**Data section**

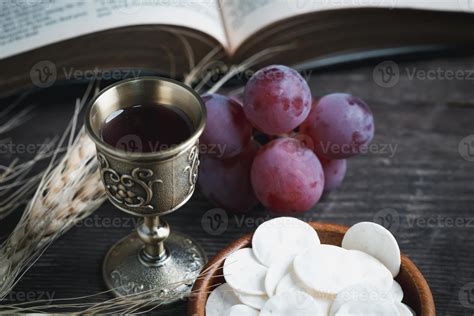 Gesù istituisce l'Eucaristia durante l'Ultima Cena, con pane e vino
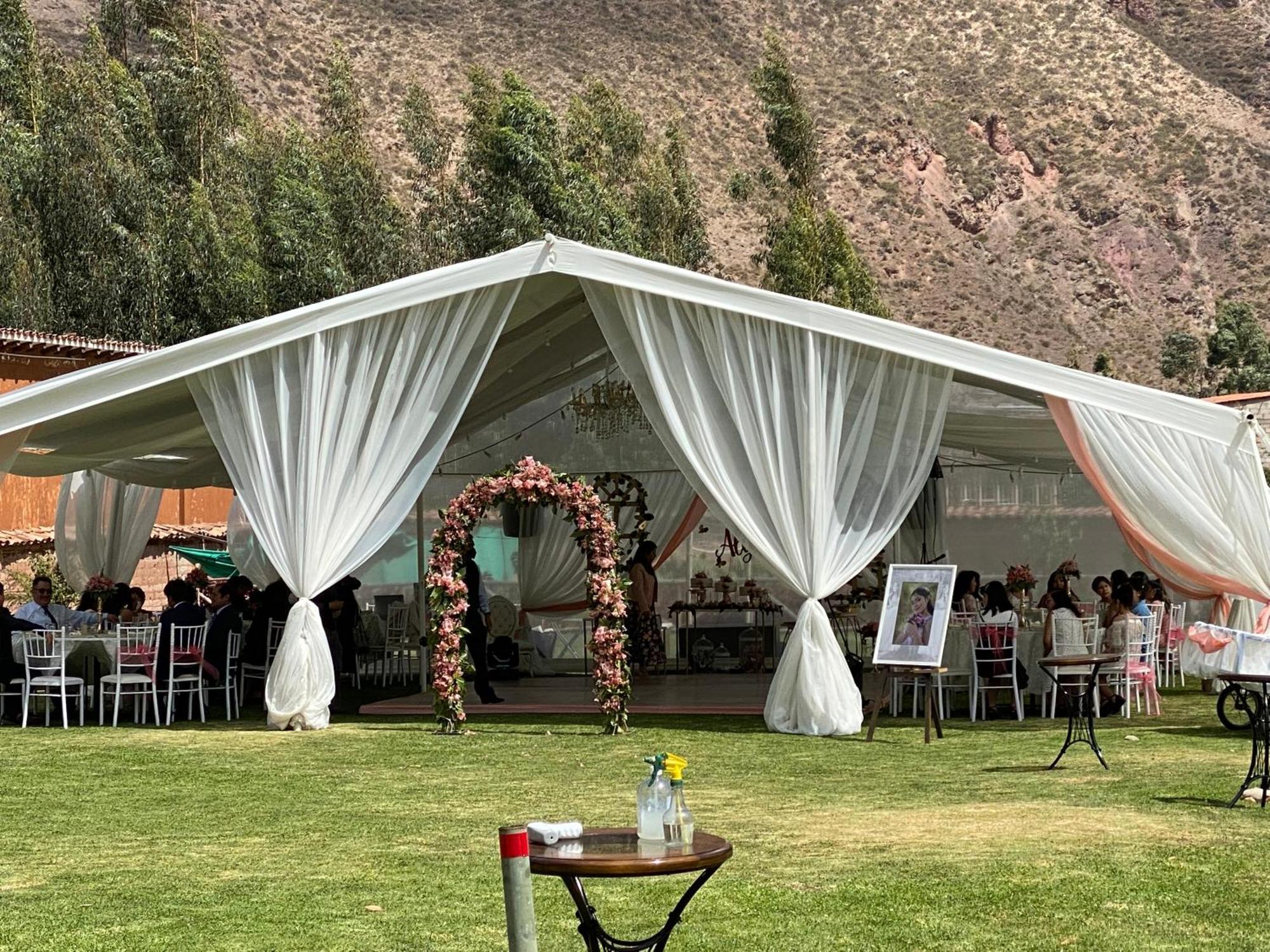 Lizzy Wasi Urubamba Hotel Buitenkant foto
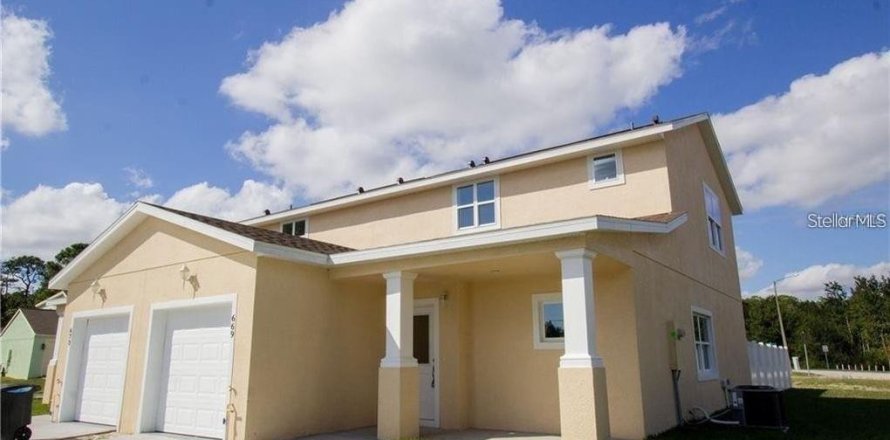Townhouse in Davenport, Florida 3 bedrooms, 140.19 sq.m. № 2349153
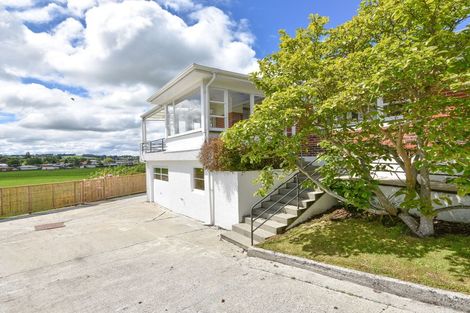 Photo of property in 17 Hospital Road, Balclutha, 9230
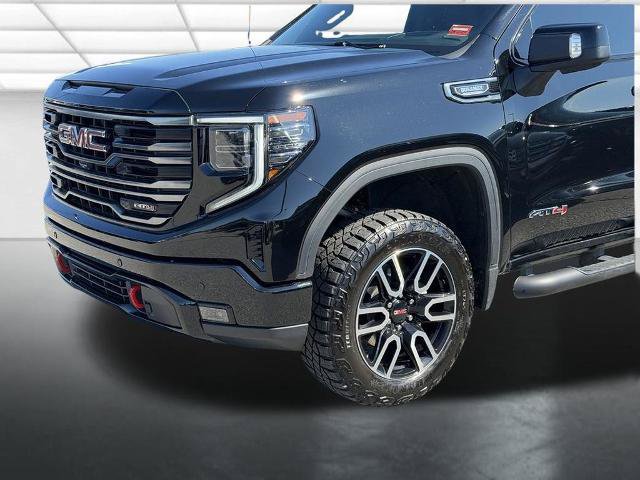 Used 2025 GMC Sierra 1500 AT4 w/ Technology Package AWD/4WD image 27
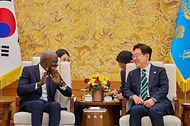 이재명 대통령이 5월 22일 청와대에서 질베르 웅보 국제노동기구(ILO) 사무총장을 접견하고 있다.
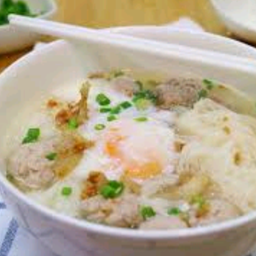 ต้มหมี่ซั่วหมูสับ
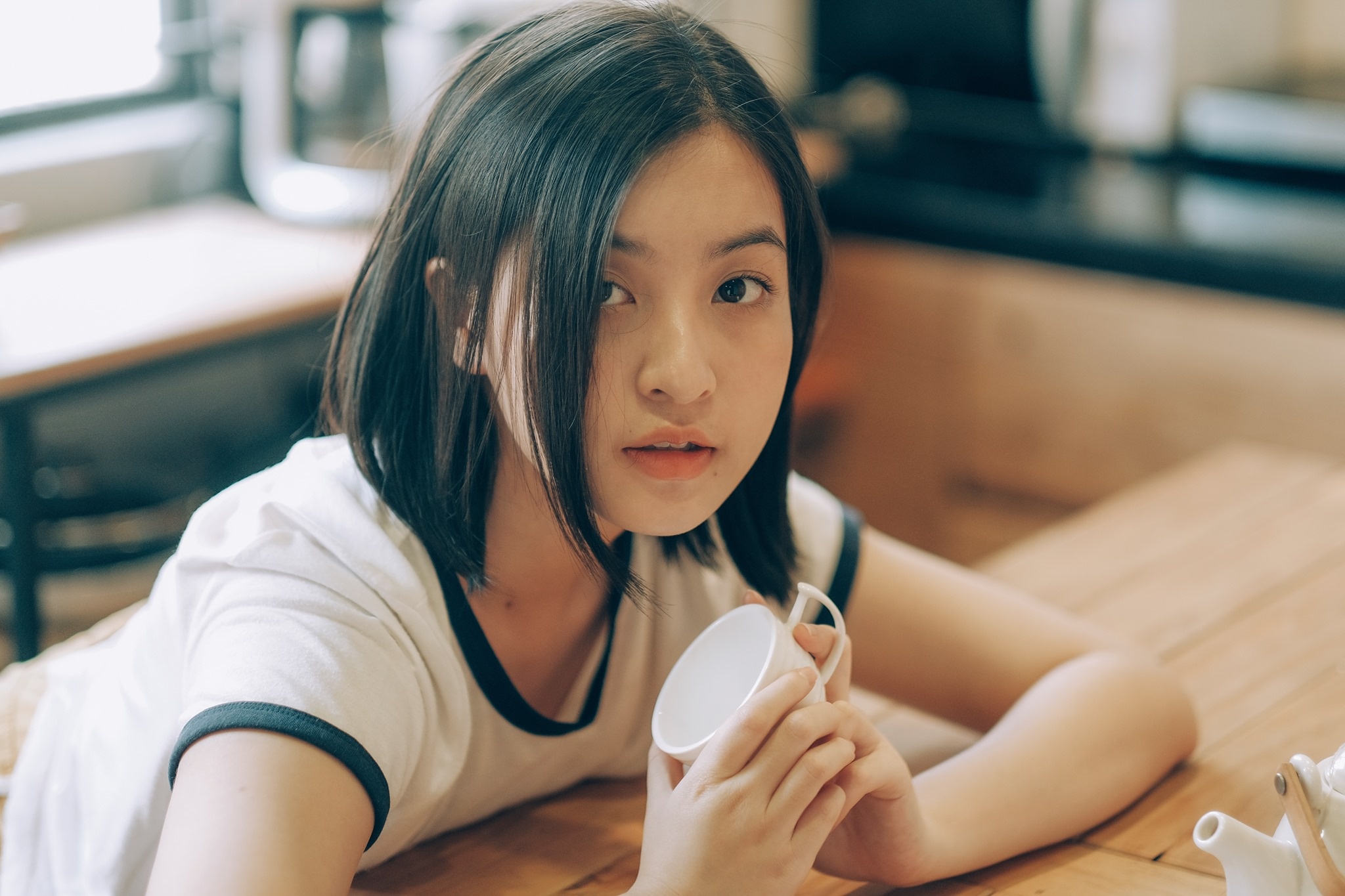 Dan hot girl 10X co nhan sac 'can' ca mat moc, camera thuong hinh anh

**Task to carry out**
Every record above should be set down exactly, with the pictures left out.

**Response to the exercise**
 Gesù istituisce l'Eucaristia durante l'Ultima Cena, con pane e vino
 Lizzy Wasi Urubamba Hotel Buitenkant foto
Townhouse in Davenport, Florida 3 bedrooms, 140.19 sq.m. № 2349153
 Photo of property in 17 Hospital Road, Balclutha, 9230
 Used 2025 GMC Sierra 1500 AT4 w/ Technology Package AWD/4WD image 27
 이재명 대통령이 5월 22일 청와대에서 질베르 웅보 국제노동기구(ILO) 사무총장을 접견하고 있다.
 ต้มหมี่ซั่วหมูสับ
 Dan hot girl 10X co nhan sac 'can' ca mat moc, camera thuong hinh anh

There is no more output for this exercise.